▶ [PROMPT] The answer is the exact run of lines in the listing below from the line containing "thumbnail image 7" up to and including the line containing "USB 2.0 Stick", with pictures removed.

▶ [PROVIDED RECORDS]
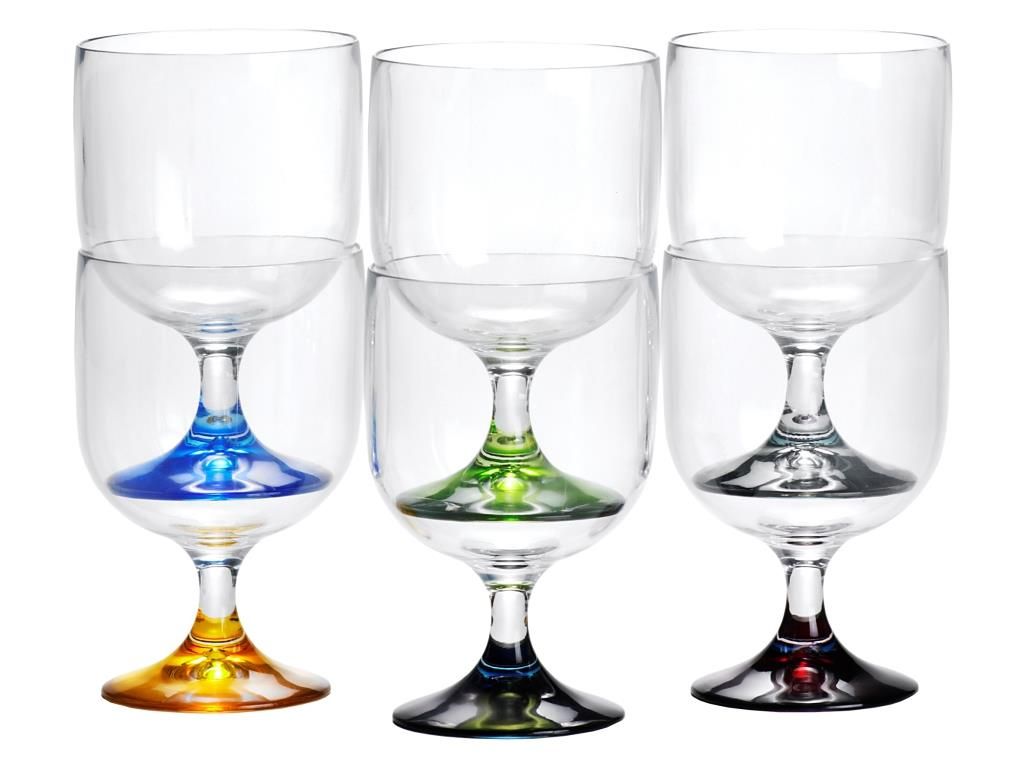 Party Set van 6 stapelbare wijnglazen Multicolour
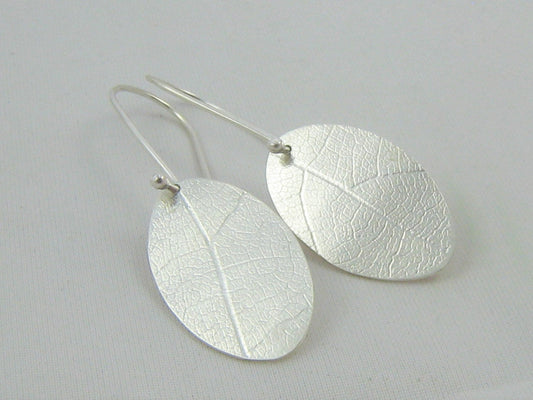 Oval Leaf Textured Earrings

--

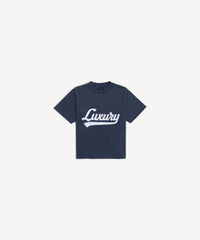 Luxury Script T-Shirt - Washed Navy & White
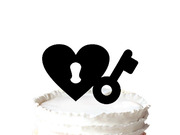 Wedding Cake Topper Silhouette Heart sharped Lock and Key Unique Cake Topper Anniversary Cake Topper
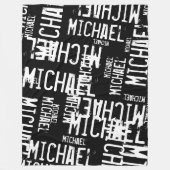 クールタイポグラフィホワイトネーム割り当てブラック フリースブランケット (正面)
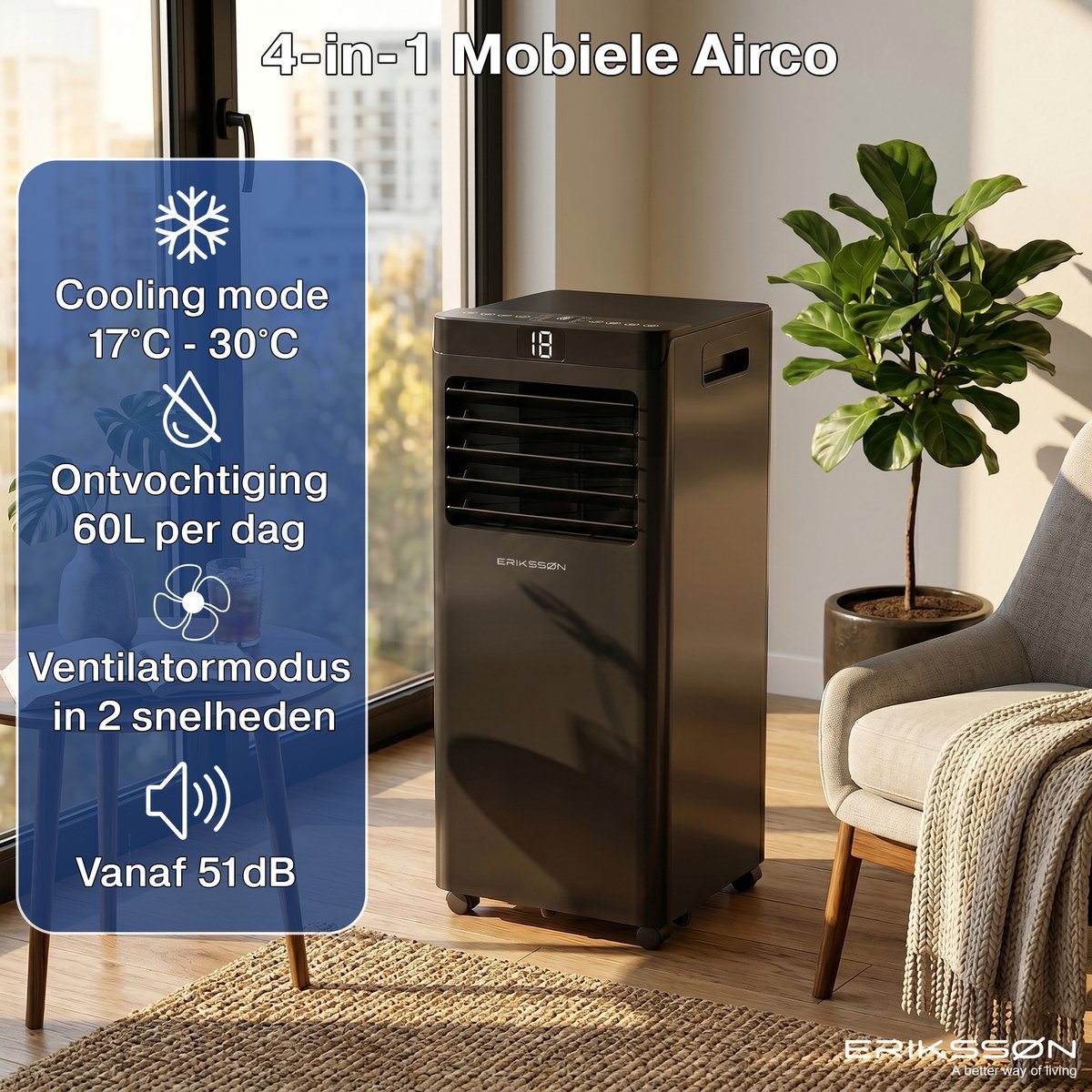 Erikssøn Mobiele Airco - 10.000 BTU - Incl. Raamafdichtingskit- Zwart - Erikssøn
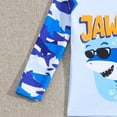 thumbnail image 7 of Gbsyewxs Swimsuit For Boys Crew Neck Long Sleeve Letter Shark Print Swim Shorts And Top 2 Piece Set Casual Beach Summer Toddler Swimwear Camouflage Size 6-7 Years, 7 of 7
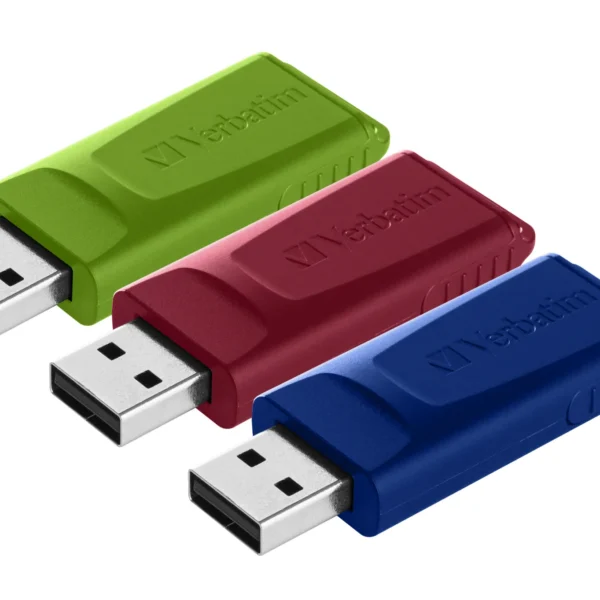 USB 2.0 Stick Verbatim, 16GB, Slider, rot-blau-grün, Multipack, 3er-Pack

▶ [TASK ANSWER]
 thumbnail image 7 of Gbsyewxs Swimsuit For Boys Crew Neck Long Sleeve Letter Shark Print Swim Shorts And Top 2 Piece Set Casual Beach Summer Toddler Swimwear Camouflage Size 6-7 Years, 7 of 7
 USB 2.0 Stick Verbatim, 16GB, Slider, rot-blau-grün, Multipack, 3er-Pack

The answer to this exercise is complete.